┌────────

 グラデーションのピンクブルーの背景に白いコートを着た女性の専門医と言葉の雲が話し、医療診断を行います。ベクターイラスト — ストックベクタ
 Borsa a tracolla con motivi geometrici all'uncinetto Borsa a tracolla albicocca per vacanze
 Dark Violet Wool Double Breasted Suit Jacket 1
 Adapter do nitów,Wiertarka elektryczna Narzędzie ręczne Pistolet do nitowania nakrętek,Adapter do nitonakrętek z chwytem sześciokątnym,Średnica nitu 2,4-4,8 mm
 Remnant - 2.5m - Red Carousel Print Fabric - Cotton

└────────
┌────────

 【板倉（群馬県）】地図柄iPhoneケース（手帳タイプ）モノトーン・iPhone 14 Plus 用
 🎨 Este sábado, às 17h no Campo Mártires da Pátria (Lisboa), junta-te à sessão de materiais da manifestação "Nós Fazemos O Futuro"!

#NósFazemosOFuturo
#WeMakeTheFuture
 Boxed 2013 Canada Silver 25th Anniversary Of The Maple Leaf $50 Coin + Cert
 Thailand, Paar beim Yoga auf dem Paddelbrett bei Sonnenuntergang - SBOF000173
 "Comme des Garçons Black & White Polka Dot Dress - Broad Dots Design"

└────────

Task description
Please reproduce, exactly as they appear above, the lines from the line containing "Boxed 2013 Canada" up to and including the line containing "des Garçons Black".

Task result
 Boxed 2013 Canada Silver 25th Anniversary Of The Maple Leaf $50 Coin + Cert
 Thailand, Paar beim Yoga auf dem Paddelbrett bei Sonnenuntergang - SBOF000173
 "Comme des Garçons Black & White Polka Dot Dress - Broad Dots Design"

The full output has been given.